= 2017 Minneapolis municipal election =

A general election was held in Minneapolis on November 7, 2017. Minneapolis's mayor was up for election as well as all the seats on the City Council, the two elected seats on the Board of Estimate and Taxation, and all the seats on the Park and Recreation Board.
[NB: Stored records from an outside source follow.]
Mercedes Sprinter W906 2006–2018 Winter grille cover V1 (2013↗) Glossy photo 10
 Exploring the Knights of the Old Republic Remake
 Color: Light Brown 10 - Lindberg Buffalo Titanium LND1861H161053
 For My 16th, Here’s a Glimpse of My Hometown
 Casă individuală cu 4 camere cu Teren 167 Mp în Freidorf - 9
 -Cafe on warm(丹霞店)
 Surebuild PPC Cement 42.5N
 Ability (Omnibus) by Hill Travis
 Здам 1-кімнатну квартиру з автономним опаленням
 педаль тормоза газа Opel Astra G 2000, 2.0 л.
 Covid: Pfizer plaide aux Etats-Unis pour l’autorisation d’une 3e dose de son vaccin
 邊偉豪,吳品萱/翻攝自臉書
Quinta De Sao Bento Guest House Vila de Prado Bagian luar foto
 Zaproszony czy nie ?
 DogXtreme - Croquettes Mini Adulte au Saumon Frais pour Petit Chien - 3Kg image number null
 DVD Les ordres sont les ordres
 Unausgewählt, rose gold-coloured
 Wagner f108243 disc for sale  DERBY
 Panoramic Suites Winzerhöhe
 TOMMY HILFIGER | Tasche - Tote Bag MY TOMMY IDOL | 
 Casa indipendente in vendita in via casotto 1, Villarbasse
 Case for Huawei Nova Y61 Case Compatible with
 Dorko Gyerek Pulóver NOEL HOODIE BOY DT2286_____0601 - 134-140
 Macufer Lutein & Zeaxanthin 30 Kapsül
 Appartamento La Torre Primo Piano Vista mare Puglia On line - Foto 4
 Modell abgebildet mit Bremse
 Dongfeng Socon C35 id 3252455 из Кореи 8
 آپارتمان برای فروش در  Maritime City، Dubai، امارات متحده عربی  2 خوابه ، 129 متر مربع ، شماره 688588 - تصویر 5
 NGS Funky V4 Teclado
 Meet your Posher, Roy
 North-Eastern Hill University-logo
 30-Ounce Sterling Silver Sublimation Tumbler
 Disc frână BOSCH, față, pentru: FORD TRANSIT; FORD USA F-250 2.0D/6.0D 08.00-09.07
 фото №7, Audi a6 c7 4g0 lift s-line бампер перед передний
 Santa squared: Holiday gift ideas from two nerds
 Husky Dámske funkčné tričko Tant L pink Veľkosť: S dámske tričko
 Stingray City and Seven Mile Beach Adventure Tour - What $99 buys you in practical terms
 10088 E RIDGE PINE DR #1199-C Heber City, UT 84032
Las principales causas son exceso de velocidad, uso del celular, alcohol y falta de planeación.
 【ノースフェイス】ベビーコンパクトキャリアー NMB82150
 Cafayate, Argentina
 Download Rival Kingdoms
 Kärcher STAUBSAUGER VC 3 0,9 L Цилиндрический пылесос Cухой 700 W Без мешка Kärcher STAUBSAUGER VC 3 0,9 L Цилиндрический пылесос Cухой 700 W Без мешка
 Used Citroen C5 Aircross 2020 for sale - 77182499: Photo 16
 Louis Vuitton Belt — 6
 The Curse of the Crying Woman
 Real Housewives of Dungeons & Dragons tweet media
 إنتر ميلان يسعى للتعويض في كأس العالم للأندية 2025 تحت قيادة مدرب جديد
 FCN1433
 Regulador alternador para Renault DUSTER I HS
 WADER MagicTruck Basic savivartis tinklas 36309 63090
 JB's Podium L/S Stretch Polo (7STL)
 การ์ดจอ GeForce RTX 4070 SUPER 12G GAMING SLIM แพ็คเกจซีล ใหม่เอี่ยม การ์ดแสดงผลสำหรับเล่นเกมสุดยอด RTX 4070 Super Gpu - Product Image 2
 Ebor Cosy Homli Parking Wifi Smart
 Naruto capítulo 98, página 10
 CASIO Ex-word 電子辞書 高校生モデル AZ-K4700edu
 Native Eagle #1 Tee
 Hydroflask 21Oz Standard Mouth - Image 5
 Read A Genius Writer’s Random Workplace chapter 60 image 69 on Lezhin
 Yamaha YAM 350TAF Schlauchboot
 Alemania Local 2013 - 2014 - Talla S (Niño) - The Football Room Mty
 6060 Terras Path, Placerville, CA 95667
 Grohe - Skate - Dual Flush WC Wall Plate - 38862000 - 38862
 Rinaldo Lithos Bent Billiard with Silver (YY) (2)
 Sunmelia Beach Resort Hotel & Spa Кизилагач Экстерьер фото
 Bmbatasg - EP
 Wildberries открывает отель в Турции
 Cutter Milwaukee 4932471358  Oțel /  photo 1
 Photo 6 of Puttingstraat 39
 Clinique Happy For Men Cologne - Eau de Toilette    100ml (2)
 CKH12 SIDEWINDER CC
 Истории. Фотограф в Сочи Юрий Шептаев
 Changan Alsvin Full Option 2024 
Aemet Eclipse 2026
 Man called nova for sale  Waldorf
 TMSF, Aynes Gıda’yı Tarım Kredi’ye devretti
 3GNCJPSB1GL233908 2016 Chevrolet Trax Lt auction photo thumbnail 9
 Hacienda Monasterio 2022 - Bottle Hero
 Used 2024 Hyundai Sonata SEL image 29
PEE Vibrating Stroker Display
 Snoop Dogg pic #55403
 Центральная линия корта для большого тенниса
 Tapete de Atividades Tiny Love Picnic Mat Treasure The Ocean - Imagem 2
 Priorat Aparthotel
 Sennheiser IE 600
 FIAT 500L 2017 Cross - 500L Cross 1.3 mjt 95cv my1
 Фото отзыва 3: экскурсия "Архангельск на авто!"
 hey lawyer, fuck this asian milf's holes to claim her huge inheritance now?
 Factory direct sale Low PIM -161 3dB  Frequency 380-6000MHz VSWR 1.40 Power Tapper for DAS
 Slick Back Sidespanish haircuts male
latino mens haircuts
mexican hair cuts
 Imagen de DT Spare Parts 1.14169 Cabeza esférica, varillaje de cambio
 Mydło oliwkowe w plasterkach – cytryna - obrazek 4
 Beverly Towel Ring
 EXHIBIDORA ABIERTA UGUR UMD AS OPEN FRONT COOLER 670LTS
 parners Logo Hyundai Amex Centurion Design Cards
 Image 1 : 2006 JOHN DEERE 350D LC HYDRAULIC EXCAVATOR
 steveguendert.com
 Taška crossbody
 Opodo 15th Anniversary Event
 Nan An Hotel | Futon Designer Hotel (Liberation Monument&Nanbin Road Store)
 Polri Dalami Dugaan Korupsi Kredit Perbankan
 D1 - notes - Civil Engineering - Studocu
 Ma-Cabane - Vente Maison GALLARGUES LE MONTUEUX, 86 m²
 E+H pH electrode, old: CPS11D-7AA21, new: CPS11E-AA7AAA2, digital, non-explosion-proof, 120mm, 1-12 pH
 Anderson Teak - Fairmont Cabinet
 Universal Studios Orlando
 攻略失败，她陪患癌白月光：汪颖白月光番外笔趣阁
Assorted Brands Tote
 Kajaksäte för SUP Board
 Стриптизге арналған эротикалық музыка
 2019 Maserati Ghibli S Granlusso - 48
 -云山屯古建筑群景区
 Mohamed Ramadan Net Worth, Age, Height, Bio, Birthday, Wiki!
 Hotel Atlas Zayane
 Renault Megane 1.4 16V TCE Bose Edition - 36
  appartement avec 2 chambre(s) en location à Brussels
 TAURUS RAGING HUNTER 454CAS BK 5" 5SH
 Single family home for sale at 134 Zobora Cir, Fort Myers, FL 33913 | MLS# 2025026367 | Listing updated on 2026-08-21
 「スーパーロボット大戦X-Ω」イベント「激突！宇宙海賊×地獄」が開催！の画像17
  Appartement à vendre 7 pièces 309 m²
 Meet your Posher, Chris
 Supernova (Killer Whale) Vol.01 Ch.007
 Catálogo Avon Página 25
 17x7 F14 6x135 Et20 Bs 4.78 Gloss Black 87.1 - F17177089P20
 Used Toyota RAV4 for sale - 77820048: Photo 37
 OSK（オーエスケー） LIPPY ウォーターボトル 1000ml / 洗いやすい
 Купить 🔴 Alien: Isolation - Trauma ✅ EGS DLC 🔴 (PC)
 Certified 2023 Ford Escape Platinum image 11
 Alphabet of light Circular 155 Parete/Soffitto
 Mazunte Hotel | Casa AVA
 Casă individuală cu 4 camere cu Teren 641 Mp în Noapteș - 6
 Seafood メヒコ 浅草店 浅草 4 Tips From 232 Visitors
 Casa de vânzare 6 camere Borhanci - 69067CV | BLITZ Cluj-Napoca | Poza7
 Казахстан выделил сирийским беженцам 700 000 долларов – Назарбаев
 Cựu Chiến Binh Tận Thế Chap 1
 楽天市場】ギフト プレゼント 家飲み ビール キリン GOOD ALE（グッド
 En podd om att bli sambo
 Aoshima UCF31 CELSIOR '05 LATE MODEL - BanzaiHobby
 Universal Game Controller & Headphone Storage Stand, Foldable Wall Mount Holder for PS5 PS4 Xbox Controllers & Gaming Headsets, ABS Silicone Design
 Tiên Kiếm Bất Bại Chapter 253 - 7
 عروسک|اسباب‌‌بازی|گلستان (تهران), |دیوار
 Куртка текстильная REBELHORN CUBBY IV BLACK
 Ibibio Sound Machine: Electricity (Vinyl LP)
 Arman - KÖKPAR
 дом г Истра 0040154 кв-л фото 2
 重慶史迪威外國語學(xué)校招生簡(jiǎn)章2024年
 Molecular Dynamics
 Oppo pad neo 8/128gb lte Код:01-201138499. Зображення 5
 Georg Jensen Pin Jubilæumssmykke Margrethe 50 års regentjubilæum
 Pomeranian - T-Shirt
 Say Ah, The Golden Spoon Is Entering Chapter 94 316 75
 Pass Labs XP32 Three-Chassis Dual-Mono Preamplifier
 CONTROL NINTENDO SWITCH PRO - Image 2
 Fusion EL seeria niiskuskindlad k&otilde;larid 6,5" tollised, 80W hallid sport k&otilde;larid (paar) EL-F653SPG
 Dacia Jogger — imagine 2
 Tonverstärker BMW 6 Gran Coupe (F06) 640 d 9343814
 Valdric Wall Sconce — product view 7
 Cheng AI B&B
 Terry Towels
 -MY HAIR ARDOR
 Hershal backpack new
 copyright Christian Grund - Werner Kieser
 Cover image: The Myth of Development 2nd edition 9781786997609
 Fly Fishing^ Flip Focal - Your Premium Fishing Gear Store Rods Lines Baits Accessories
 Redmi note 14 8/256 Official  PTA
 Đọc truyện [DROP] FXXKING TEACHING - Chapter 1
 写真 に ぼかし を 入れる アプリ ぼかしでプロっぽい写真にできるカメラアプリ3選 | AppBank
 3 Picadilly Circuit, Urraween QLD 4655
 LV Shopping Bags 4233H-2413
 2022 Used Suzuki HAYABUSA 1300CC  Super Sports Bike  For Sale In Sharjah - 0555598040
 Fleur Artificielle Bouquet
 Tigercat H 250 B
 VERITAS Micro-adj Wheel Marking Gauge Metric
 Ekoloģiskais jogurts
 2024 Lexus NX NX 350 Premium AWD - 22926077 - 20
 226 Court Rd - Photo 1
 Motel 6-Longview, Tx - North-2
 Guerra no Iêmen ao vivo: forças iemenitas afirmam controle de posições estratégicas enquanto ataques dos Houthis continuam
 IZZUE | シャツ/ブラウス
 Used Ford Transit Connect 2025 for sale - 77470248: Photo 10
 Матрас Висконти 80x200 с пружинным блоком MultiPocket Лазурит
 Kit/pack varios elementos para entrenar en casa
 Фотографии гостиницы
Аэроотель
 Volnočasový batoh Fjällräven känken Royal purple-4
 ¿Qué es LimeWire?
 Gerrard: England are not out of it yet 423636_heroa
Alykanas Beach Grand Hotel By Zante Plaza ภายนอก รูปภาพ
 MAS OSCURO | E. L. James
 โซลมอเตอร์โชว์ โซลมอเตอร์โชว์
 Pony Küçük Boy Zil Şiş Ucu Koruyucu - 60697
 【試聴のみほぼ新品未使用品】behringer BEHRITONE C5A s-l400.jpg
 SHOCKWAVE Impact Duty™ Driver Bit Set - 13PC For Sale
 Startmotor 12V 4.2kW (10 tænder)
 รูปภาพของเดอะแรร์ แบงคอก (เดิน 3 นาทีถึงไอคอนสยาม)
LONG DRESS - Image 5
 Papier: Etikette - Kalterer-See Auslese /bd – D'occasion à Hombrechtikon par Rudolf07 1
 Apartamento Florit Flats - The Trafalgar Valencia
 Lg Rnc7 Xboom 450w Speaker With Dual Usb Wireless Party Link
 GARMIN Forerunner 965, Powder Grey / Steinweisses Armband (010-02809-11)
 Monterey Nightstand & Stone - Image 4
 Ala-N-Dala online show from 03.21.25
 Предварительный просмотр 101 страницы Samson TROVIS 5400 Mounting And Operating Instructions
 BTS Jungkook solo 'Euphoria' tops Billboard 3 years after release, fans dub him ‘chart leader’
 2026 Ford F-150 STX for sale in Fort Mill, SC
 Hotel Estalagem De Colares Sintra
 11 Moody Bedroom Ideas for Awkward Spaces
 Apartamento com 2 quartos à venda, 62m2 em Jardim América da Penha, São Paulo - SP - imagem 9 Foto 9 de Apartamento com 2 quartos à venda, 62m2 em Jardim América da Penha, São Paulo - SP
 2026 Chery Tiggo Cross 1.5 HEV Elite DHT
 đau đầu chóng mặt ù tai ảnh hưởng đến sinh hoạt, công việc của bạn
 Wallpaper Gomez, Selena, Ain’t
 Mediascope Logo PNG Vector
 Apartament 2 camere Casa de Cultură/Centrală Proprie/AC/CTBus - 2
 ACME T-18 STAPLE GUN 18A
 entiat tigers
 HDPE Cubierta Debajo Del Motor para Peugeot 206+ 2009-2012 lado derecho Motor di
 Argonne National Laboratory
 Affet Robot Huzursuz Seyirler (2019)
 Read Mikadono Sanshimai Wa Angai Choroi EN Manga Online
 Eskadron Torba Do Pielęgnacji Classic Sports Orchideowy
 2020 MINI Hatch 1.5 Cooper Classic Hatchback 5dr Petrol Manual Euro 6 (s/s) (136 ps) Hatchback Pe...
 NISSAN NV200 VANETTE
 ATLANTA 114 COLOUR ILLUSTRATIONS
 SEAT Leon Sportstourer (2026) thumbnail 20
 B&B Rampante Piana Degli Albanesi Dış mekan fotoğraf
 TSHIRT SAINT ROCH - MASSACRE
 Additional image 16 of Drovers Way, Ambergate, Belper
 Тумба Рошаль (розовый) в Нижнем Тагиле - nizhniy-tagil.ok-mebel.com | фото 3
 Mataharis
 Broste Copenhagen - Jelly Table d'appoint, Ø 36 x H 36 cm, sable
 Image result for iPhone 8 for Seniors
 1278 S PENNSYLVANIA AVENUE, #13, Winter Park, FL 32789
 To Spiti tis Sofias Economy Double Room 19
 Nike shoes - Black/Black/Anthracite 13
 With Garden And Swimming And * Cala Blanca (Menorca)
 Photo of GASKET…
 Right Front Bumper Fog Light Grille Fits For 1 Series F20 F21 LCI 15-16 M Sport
Voters were able to rank up to three candidates for each office in order of preference.

== Mayor ==

Incumbent Minnesota Democratic–Farmer–Labor Party (DFL) Mayor Betsy Hodges sought re-election to a second term among a field of 16 candidates. Jacob Frey won after five rounds of vote tabulations via instant-runoff voting.

== City Council ==

All 13 seats on the Minneapolis City Council were up for election. 13 members were elected from single-member districts via instant-runoff voting.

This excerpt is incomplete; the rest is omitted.